The Story
A Startup Junkie's Perfect Problem
Ask salespeople what they want from marketing, Godley often says, and they'll tell you: more leads. Give them more leads, and they'll swear you misheard them - what they actually need is qualified leads. This is not a new observation. What's new is that LeadGenius built infrastructure specifically designed to solve it.
The core proposition is deceptively simple: most B2B databases suffer from the same problems at the same time. They're broad but not deep. They're current on company names, stale on contacts, and completely blind to the kind of specific signals - role changes, buying committee movements, technographic data, niche market indicators - that separate a contact worth calling from one that wastes everyone's morning.

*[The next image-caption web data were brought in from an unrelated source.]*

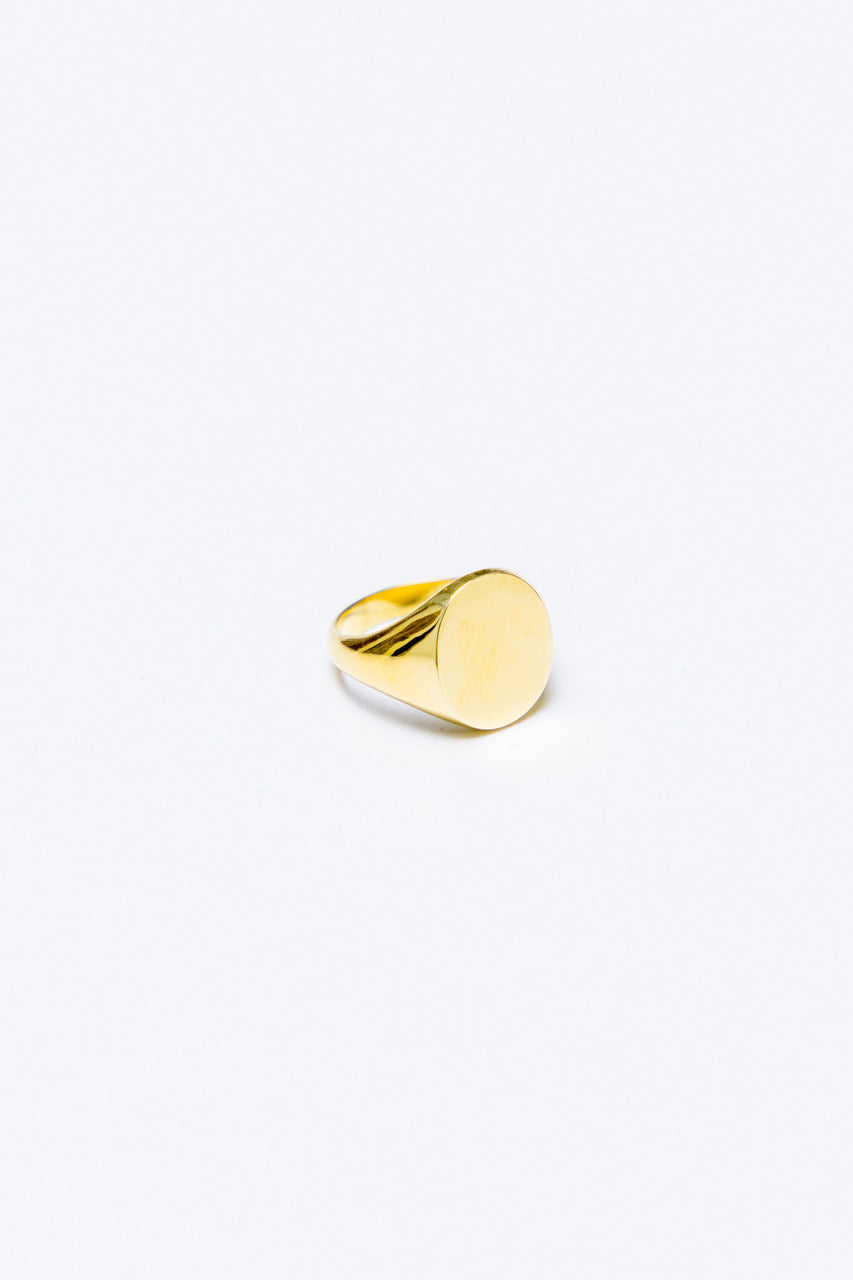 Coady-Cuhla-18K-Yellow-Gold-Oval-Signet-Ring-with-Hand-Engraved-Customization-Amarees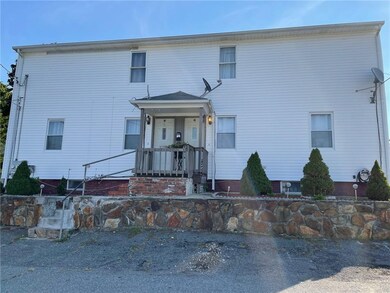 29 Ophelia St, Providence, RI 02909 - photo 2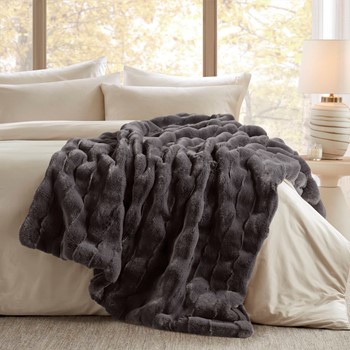 Vivienne Faux Fur Throw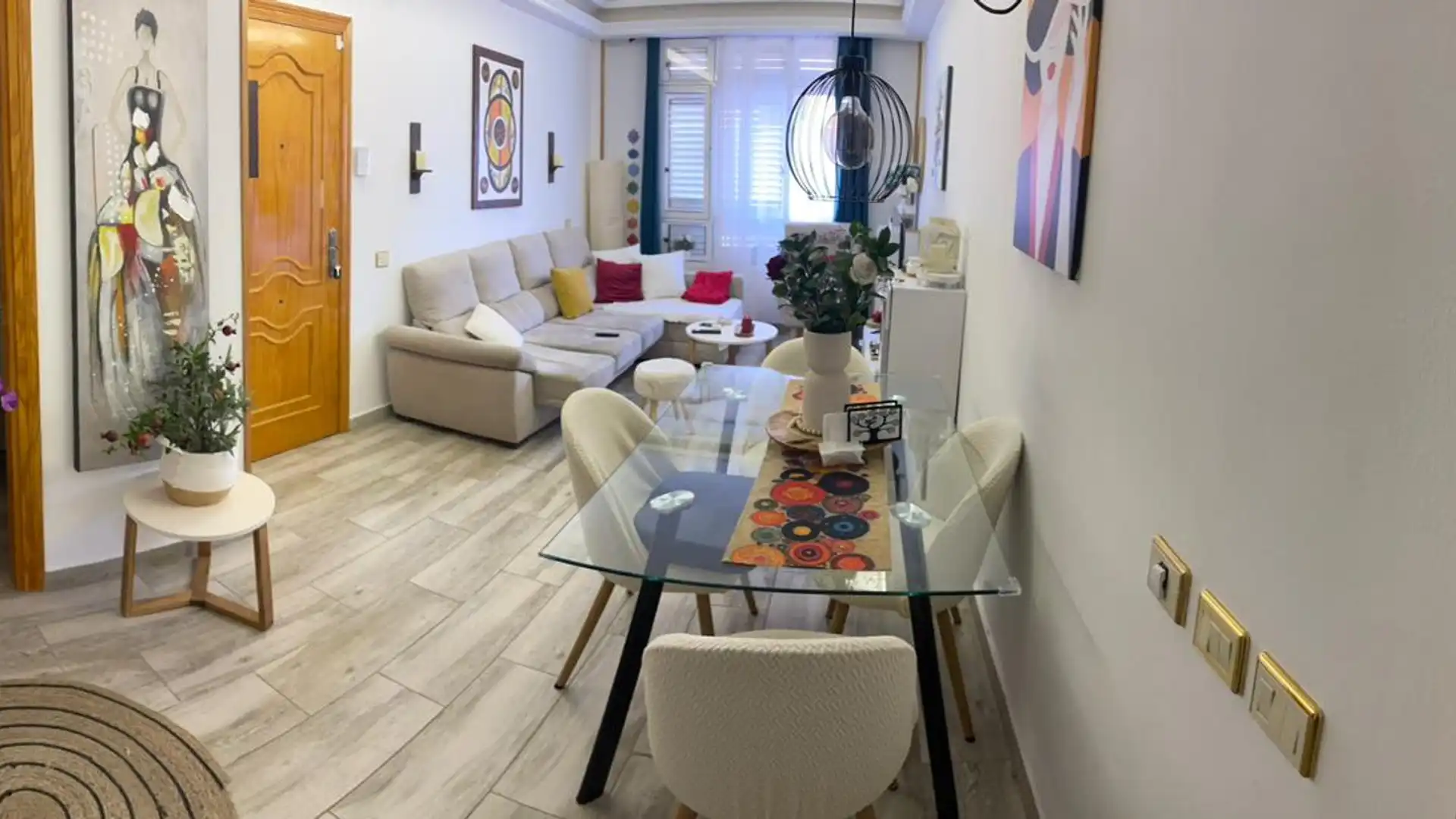 Living room of Flat for sale in Las Palmas de Gran Canaria  with Storage room, Furnished and Oven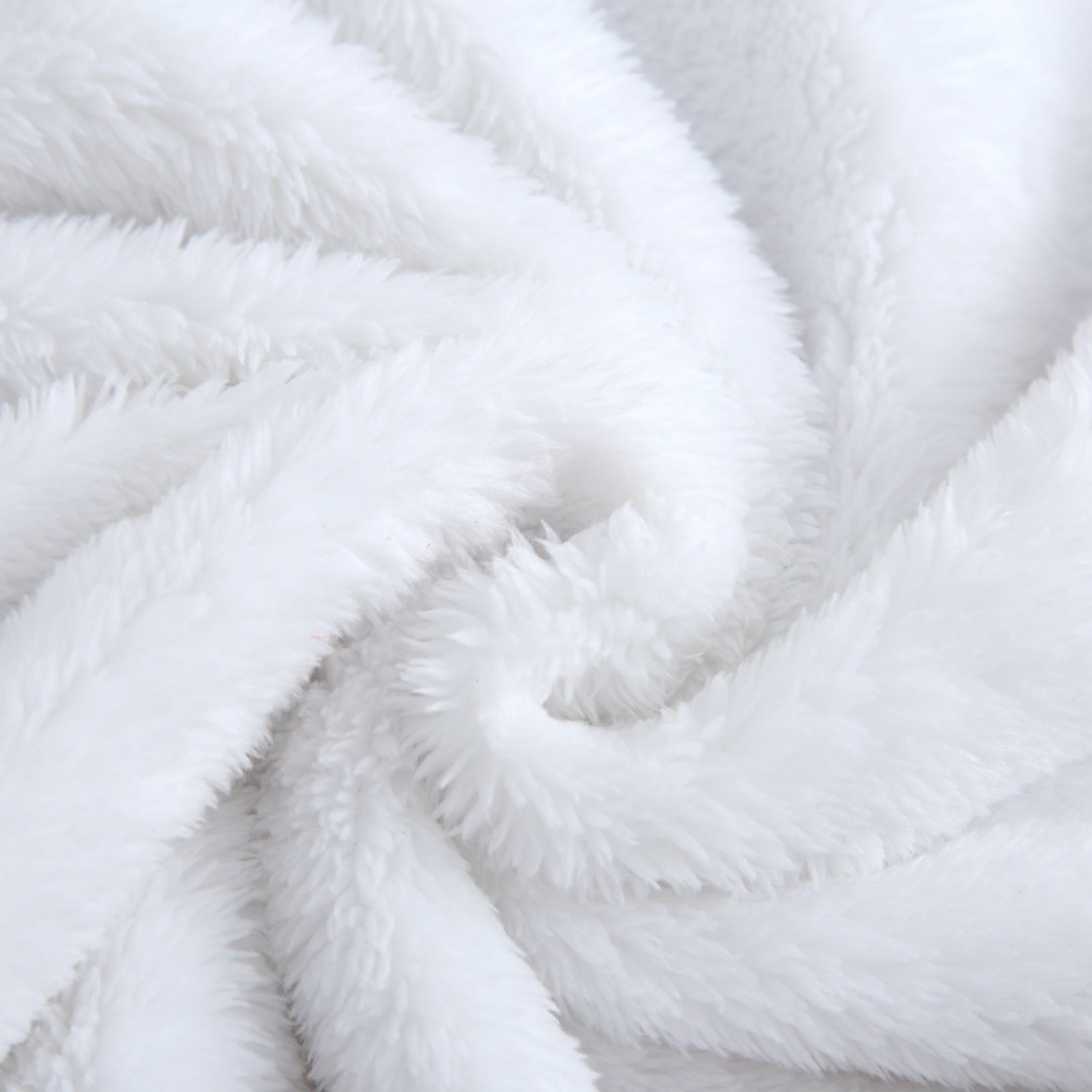 Snuggle Luxe Plushy Blanket - Teddy - Luxe
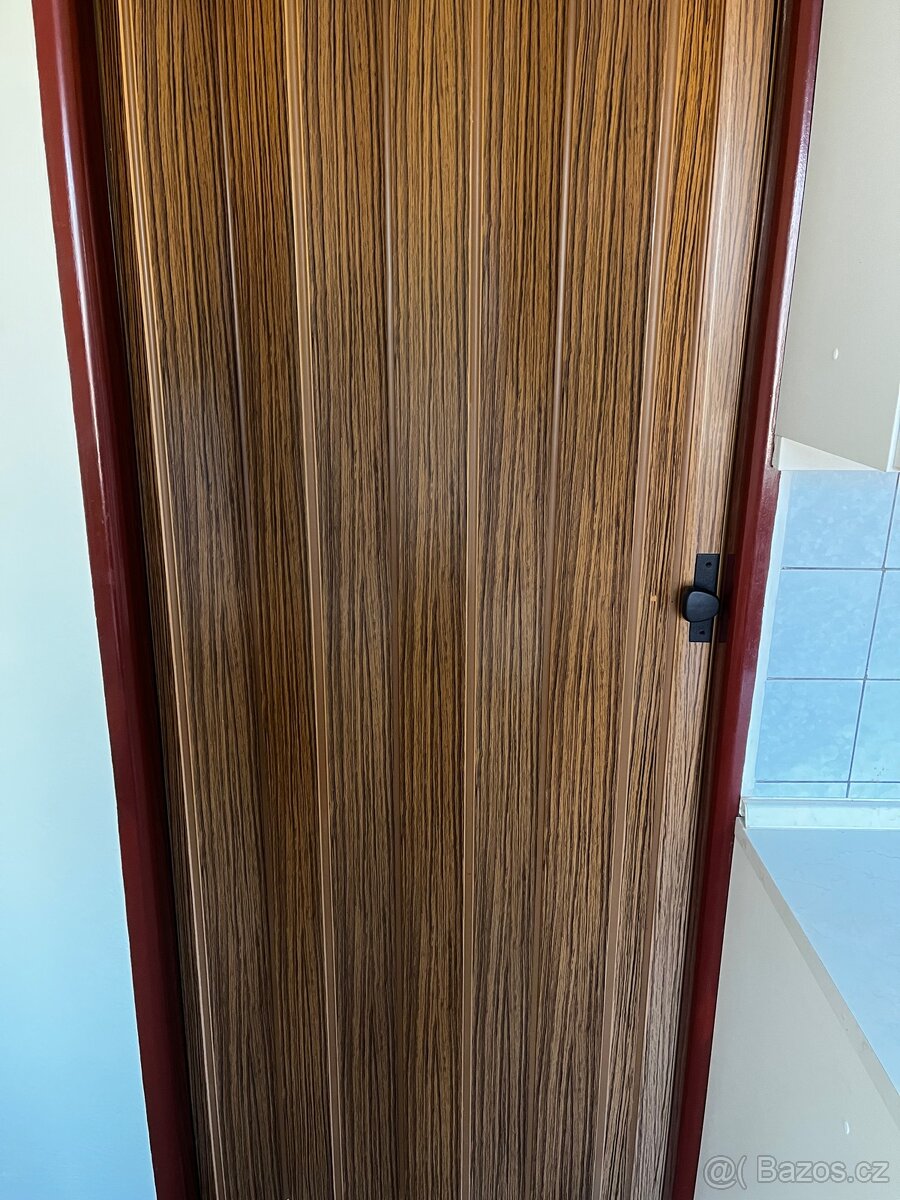 Prodám shrnovací dveře – dekor dřeva - 2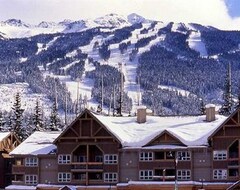 Hotel ResortQuest Marketplace Lodge (Whistler, Canadá)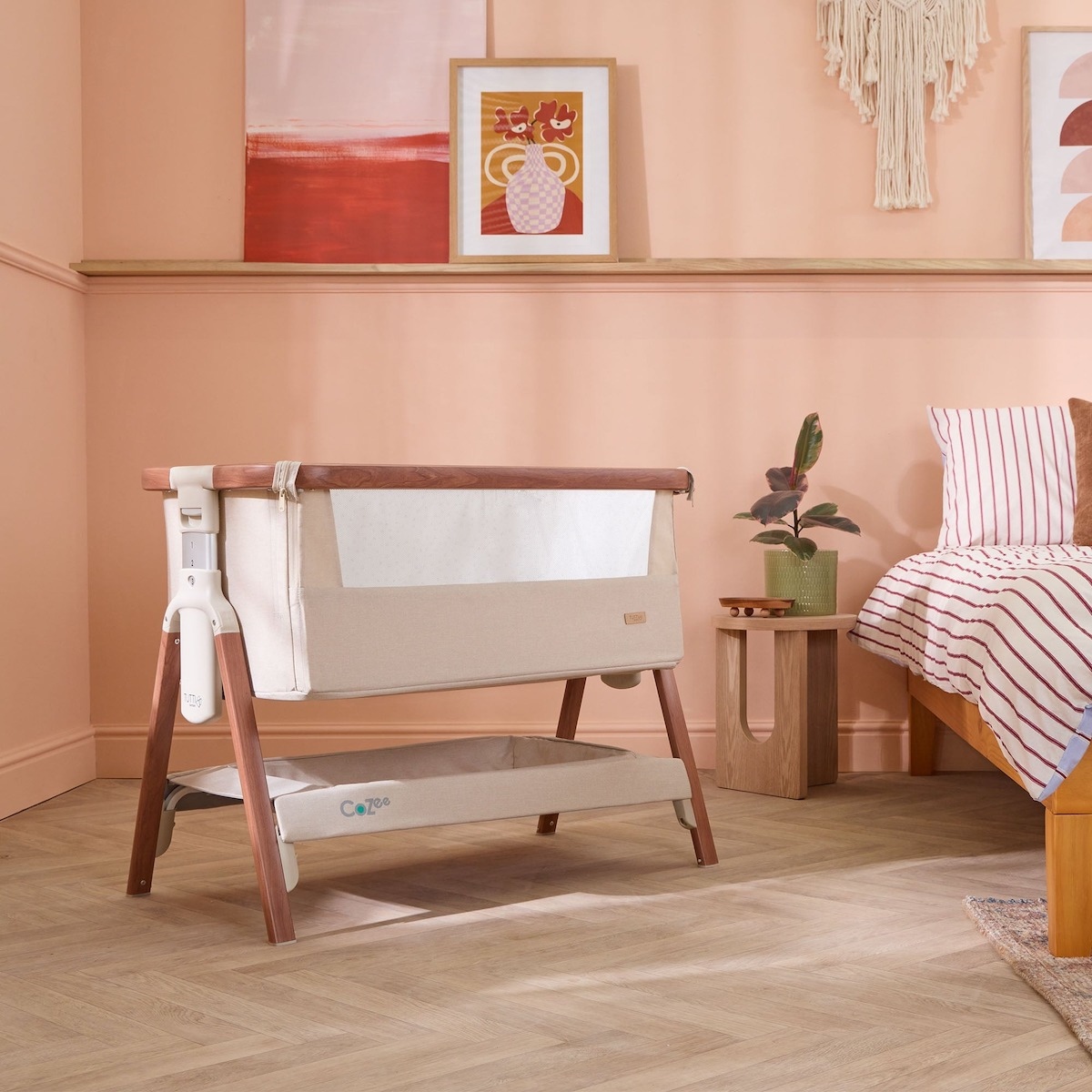 Tutti Bambini CoZee Bedside Crib- Scandinavian Walnut & Ecru - Image 9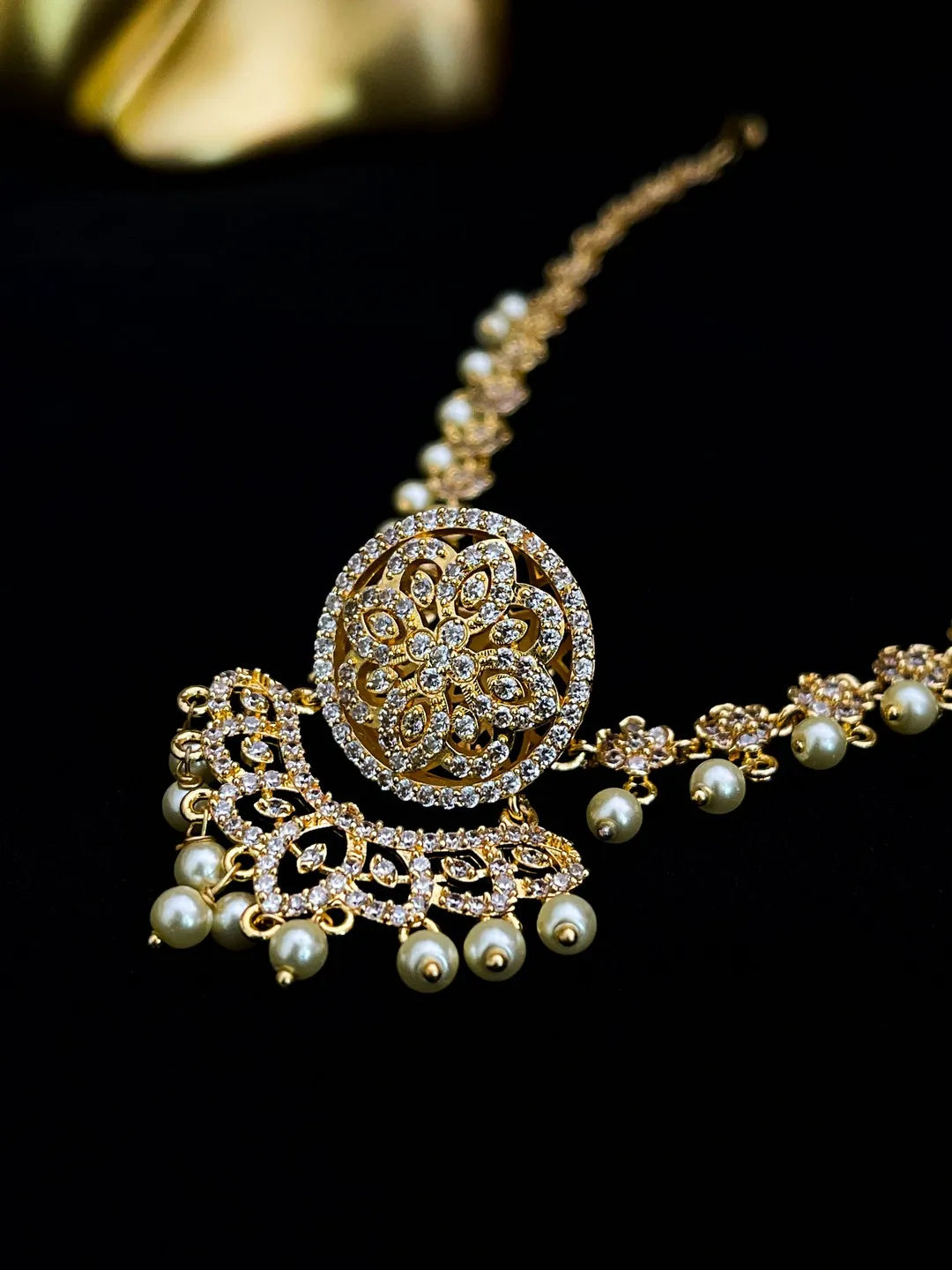 Ishhaara Ad Stone Studded Borla Mathapatti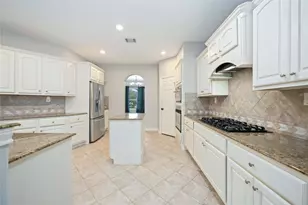 1402 Chapparal Crossing, League City, TX 77573 - Photo 11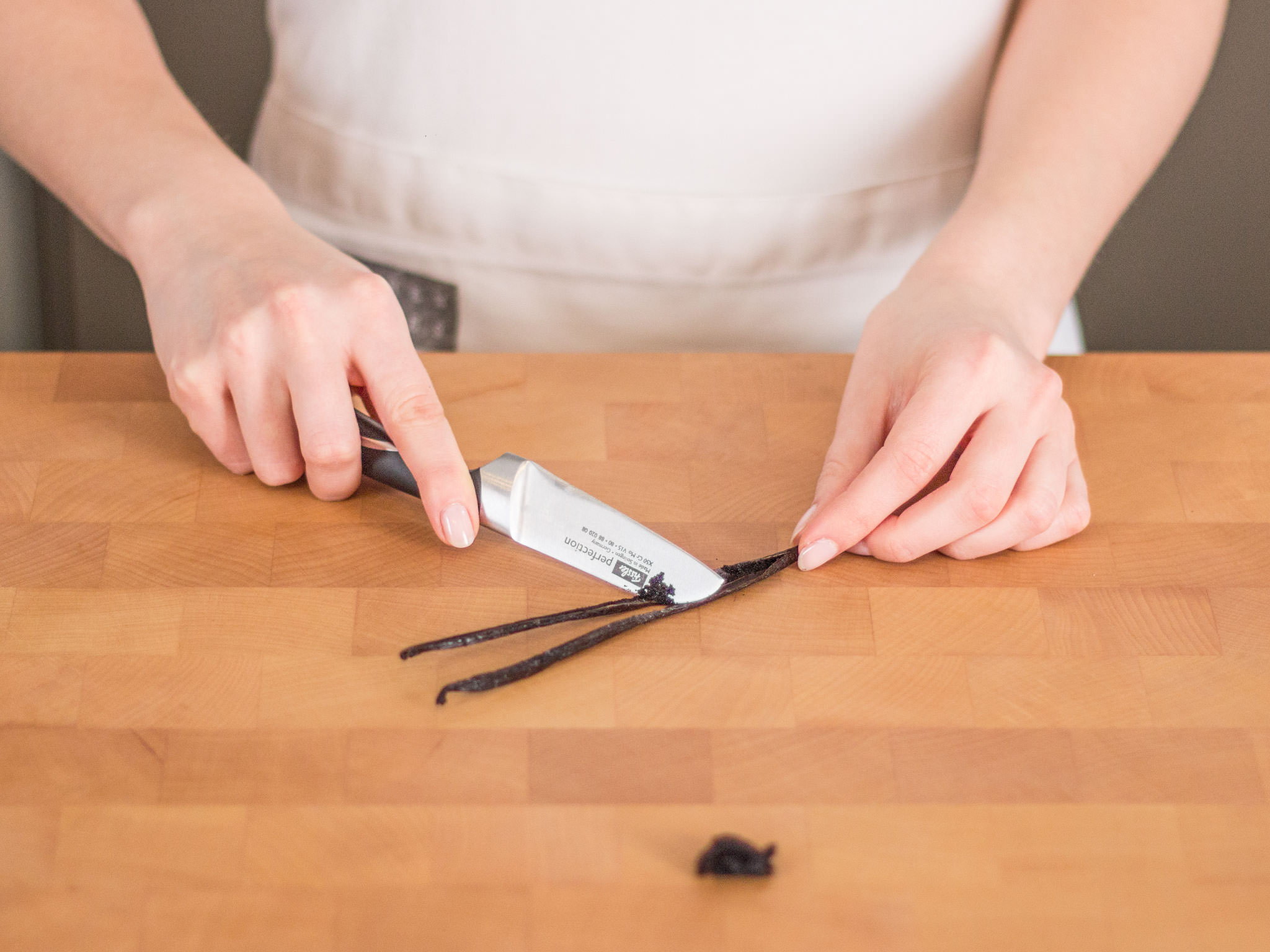 Cinnamon and almond ice cream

LeadGenius's approach is to not try to be a universal database. Instead, it builds custom datasets tuned to exactly what each client needs, sourced through a combination of AI-driven web crawling and human researchers who can find the signals that automated tools miss. The researchers aren't contractors in the traditional sense - they're part of a decentralized global workforce that LeadGenius has built with deliberate attention to fair wages and labor standards.
For Godley, this ethical dimension isn't separate from the business logic - it's part of it. A workforce that's paid fairly and structured sustainably produces better, more consistent data. The quality argument and the values argument point in the same direction.